Prima direzione del Pd dopo la sconfitta elettorale. Più di 200 membri si sono riuniti ieri per fare conti con il disastroso risultato del 25 settembre.
L’assemblea, durata circa 10 ore, è stata aperta dal segretario Enrico Letta. La sua relazione, sulle modalità di svolgimento del congresso, è stata approvata da praticamente da tutti: un solo voto contrario, quello di Monica Cirinnà, e due astenuti.

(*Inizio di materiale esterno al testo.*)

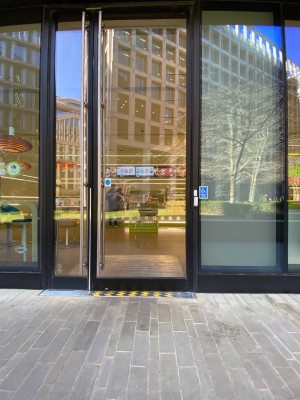 Glass doors with black frame ahead. Push from handle in centre to open. Assistance doorbell to right of doorway.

Nel suo discorso il segretario ha confermato di voler convocare un congresso per scegliere il successore entro marzo e rifondare il partito, ha sostenuto che le cause della sconfitta del partito sono da imputare alla legge elettorale, alle divisioni fra i partiti che si sono opposti alla coalizione di destra, al troppo tempo passato dal Pd all’interno di governi eterogenei, alla maggiore capacità della destra di sfruttare paure e timori per la guerra in Ucraina. Dopo l’analisi della sconfitta, decine e decine di interventi parlano di rinnovamento, di donne, di giovani. Tutti sono concordi sul fatto che bisogna ripartire da «una grande opposizione» peccato però le idee su come farla sono poche e confuse. Dopo dieci ora di assemblea solo due cose sono chiare: il Pd non si scioglie e non cambia simbolo.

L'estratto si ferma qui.